INSTRUCTIONS TO FOLLOW >> Which lines run from the one containing "Pirate Pi Day Gear Runder Aufkleber" to the end of the entries below? Reproduce them exactly, both ends included.

GIVEN RECORDS >>
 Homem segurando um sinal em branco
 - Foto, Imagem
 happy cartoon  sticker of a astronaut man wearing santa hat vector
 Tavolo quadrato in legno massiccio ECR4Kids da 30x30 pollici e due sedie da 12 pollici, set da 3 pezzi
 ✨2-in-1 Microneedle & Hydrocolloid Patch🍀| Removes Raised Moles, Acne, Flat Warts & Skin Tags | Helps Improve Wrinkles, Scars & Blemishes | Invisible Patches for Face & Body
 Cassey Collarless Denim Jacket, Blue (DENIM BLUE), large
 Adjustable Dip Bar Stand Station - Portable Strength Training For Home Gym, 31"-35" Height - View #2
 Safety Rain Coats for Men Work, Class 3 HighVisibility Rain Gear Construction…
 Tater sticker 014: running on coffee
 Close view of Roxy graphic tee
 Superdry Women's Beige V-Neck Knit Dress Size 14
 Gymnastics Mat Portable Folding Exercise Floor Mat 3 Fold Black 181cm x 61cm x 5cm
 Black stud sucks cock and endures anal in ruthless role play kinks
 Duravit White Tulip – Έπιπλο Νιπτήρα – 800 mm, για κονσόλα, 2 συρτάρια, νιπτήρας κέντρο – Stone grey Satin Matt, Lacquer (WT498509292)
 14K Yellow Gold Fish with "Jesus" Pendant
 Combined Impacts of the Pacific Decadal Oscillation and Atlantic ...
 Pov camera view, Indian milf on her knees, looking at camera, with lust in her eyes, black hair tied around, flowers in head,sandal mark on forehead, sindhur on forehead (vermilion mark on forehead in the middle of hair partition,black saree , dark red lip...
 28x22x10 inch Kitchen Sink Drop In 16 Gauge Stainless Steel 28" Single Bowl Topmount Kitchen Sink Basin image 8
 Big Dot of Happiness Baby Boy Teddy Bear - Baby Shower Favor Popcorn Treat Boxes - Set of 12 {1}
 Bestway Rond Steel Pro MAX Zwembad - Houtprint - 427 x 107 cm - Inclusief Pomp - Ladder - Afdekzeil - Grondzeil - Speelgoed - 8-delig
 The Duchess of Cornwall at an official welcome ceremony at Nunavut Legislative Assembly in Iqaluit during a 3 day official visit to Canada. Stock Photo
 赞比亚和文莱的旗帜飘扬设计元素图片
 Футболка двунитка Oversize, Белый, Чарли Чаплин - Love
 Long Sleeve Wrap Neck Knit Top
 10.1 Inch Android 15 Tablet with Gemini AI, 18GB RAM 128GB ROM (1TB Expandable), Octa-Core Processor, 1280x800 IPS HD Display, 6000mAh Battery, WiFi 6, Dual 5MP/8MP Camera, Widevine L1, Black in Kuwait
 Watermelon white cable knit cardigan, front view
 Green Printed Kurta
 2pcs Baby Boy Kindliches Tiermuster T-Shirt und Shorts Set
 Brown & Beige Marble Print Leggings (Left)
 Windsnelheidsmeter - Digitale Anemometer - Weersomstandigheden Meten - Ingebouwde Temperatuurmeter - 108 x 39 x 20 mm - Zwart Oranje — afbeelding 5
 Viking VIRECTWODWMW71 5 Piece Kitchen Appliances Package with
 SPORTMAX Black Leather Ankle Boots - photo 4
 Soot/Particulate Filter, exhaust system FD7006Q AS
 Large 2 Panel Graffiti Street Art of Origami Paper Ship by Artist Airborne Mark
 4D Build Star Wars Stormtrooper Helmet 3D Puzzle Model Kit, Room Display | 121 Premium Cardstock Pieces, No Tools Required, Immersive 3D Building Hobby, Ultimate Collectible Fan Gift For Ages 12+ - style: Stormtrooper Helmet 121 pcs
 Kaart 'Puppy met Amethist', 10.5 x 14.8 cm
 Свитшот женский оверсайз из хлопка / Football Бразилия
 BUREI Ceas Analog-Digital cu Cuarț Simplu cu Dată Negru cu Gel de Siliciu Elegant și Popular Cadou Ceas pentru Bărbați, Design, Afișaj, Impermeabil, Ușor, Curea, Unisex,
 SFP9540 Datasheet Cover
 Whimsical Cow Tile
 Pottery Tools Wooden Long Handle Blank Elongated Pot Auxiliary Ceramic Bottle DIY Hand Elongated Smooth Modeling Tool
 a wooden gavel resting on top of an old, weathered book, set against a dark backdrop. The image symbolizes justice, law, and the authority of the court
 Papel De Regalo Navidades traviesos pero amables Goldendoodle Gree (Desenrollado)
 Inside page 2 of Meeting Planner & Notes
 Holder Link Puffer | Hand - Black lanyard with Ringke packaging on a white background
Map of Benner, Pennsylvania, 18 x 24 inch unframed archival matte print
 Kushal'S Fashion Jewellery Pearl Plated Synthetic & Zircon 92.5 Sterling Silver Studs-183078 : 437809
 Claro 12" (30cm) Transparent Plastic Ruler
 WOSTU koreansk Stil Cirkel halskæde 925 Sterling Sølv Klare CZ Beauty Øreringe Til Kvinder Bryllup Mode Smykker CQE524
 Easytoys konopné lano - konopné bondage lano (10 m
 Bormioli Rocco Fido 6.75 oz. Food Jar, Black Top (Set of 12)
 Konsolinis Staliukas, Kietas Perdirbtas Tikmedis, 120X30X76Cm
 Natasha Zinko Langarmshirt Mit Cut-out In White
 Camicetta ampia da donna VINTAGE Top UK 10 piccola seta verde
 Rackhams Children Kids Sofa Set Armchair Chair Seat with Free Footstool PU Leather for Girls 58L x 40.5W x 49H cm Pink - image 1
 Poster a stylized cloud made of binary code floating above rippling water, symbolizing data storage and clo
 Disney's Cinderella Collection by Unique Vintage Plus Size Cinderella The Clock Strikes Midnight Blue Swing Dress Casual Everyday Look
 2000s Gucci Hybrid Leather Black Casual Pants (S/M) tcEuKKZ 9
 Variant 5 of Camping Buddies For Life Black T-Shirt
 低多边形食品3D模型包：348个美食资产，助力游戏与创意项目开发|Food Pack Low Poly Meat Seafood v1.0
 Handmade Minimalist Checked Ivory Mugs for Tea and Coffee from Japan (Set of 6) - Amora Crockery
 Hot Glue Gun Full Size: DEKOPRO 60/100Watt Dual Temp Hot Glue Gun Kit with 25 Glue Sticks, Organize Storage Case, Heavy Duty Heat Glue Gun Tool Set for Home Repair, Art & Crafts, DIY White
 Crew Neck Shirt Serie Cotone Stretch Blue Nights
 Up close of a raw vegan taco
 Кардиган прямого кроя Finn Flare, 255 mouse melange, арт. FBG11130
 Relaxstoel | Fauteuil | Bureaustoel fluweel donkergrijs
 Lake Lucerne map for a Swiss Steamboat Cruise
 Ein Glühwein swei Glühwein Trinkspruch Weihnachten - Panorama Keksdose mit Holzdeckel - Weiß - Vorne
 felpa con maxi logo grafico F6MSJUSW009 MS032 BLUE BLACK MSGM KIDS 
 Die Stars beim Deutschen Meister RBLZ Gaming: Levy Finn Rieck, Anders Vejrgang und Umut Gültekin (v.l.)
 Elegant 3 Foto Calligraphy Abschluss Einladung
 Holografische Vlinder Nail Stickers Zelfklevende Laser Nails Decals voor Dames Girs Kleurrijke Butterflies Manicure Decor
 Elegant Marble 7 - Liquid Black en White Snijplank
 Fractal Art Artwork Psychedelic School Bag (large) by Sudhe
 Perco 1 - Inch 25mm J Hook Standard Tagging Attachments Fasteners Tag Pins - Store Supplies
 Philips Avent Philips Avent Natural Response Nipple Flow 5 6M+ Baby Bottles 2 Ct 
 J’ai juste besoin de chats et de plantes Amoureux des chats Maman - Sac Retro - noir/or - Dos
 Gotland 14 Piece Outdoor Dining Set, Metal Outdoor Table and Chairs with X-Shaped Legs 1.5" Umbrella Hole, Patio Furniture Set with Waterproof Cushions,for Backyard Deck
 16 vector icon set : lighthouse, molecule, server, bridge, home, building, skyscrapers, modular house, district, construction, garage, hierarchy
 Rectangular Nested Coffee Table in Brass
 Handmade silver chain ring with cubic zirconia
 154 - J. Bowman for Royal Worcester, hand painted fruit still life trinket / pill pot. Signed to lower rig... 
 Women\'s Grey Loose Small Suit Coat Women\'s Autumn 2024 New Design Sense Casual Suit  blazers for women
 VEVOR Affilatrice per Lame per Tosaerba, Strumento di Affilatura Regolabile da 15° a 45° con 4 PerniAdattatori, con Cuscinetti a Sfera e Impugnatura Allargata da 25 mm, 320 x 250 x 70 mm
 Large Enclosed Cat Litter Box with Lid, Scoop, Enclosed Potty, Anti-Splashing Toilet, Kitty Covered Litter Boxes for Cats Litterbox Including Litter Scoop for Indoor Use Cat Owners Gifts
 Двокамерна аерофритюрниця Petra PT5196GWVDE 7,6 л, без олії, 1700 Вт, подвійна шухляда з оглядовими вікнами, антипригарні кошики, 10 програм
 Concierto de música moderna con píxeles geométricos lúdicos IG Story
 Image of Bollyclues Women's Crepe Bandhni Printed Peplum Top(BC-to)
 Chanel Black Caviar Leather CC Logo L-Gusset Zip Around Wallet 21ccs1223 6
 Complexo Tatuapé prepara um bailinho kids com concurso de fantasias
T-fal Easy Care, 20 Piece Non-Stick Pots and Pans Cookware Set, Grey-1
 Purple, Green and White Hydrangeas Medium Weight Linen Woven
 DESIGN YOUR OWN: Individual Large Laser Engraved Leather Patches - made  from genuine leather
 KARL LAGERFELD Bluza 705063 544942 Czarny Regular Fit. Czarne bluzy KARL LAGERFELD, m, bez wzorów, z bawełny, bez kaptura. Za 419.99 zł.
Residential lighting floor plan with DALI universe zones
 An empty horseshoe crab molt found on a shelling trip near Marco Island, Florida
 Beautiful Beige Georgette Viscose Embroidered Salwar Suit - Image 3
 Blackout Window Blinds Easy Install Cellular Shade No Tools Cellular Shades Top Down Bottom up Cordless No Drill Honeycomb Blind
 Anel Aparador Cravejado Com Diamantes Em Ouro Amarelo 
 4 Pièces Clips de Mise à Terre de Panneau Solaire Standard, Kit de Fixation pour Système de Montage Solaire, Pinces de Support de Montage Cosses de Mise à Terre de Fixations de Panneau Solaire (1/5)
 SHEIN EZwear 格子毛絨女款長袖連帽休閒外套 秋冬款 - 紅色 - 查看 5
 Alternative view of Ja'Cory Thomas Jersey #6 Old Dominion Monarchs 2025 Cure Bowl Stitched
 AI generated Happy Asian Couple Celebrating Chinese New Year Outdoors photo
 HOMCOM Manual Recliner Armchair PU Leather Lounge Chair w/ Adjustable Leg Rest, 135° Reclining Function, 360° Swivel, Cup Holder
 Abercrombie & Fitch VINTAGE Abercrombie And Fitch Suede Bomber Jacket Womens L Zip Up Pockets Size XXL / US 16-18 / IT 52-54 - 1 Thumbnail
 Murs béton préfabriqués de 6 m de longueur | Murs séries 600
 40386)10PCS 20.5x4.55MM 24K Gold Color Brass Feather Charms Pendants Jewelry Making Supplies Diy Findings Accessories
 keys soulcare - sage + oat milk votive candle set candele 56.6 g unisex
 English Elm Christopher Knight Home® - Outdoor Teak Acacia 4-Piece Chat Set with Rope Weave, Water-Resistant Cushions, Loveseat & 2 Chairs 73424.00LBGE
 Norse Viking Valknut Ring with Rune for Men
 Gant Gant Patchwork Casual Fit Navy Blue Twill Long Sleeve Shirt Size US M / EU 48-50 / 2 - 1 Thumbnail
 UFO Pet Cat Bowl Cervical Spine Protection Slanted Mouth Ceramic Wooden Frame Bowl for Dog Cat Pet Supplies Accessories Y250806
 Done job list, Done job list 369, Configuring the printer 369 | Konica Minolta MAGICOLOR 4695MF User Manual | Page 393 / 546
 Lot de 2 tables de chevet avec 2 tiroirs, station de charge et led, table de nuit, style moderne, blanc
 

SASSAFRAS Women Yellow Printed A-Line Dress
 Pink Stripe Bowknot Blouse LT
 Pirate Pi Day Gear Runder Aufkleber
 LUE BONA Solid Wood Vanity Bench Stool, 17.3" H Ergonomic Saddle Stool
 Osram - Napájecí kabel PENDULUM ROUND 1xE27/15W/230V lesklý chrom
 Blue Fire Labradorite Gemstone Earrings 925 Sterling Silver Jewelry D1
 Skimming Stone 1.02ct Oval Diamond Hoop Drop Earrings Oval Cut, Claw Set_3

TASK OUTPUT >>
 Pirate Pi Day Gear Runder Aufkleber
 LUE BONA Solid Wood Vanity Bench Stool, 17.3" H Ergonomic Saddle Stool
 Osram - Napájecí kabel PENDULUM ROUND 1xE27/15W/230V lesklý chrom
 Blue Fire Labradorite Gemstone Earrings 925 Sterling Silver Jewelry D1
 Skimming Stone 1.02ct Oval Diamond Hoop Drop Earrings Oval Cut, Claw Set_3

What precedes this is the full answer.